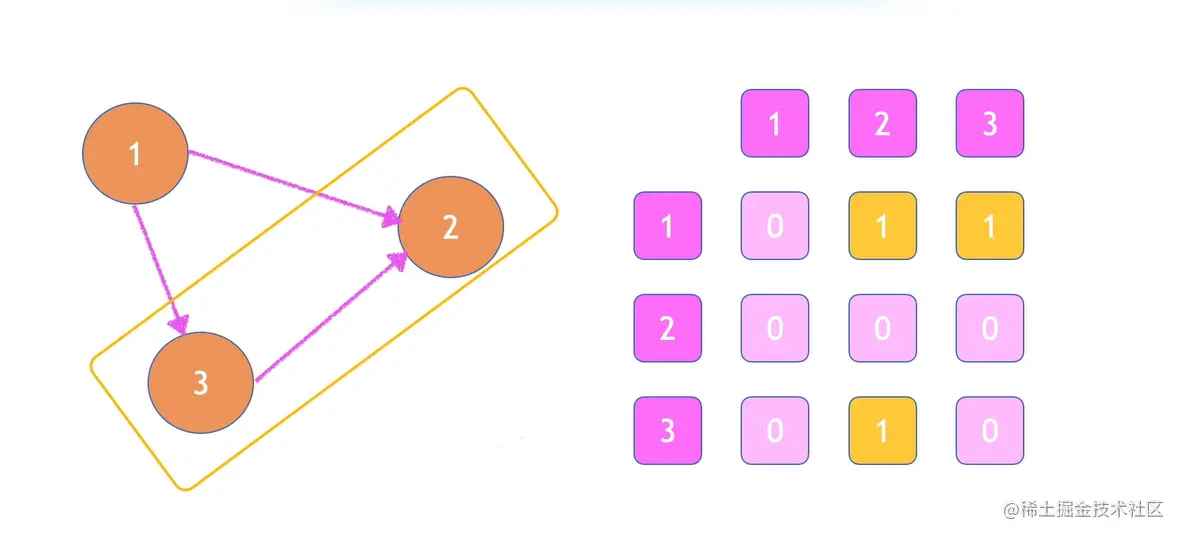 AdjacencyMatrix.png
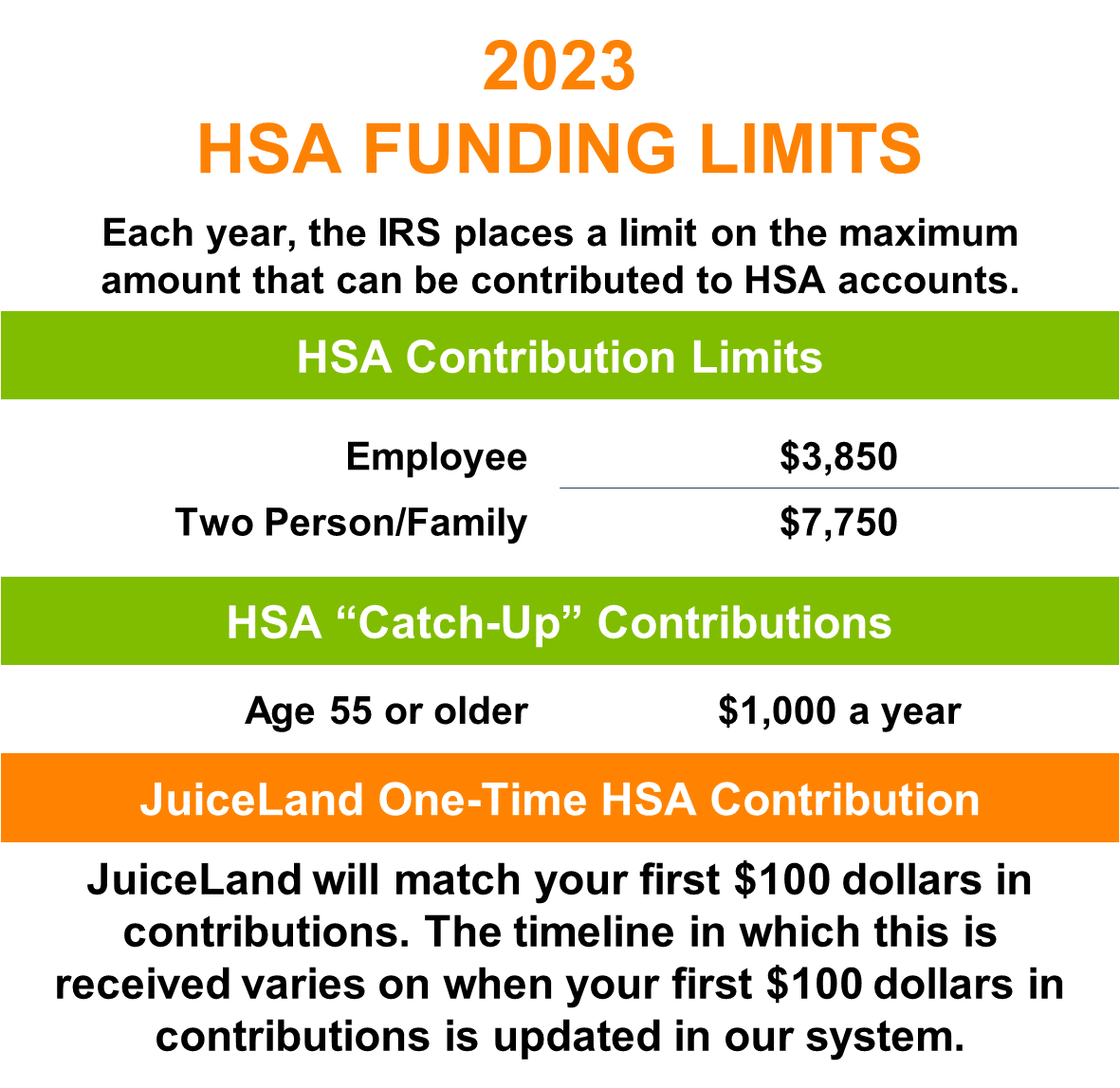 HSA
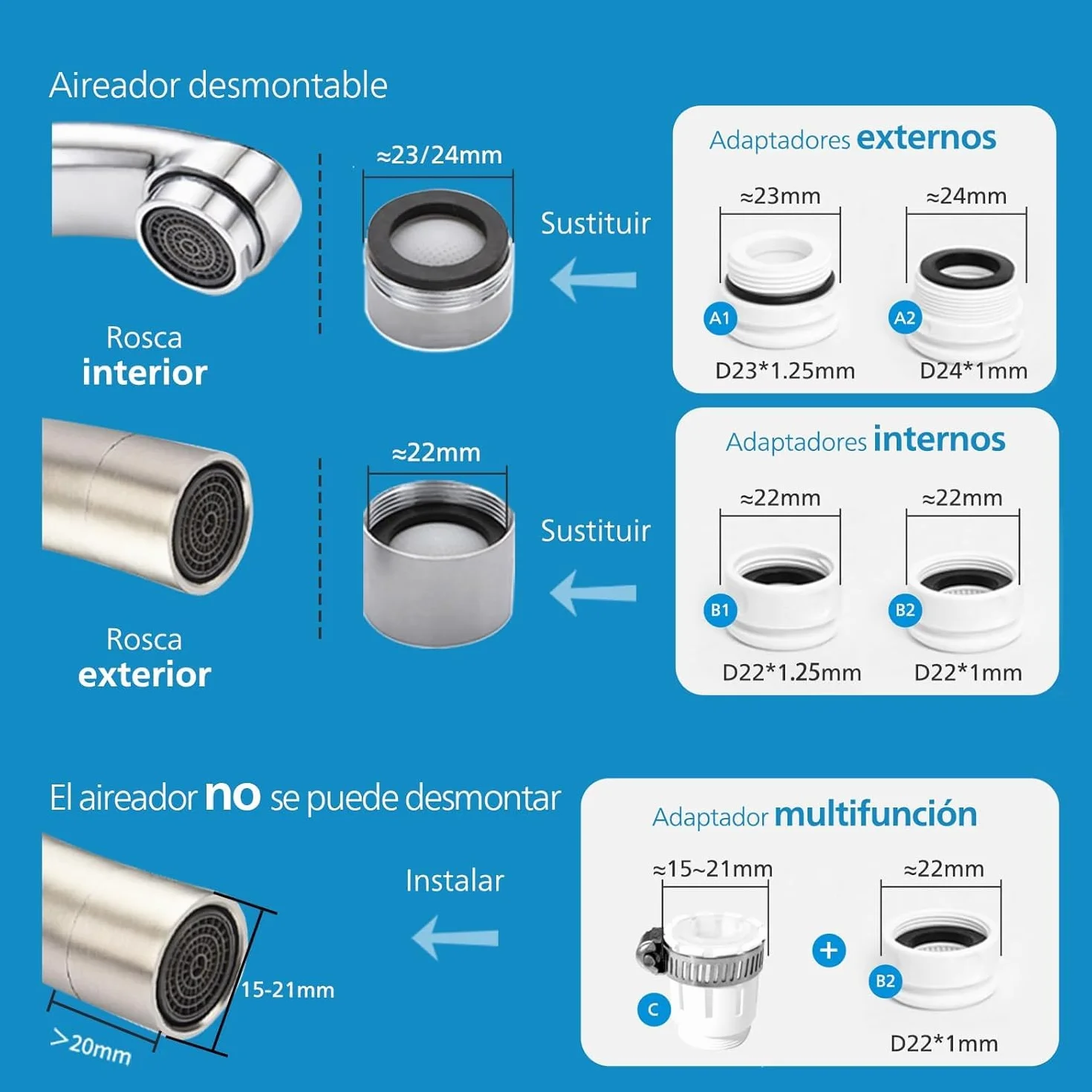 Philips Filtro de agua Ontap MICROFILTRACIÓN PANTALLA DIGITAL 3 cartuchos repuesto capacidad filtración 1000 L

--- Exercise directions ---
Set down the material above exactly. Skip any picture.

--- Solution to the problem ---
 AdjacencyMatrix.png
 HSA
 Philips Filtro de agua Ontap MICROFILTRACIÓN PANTALLA DIGITAL 3 cartuchos repuesto capacidad filtración 1000 L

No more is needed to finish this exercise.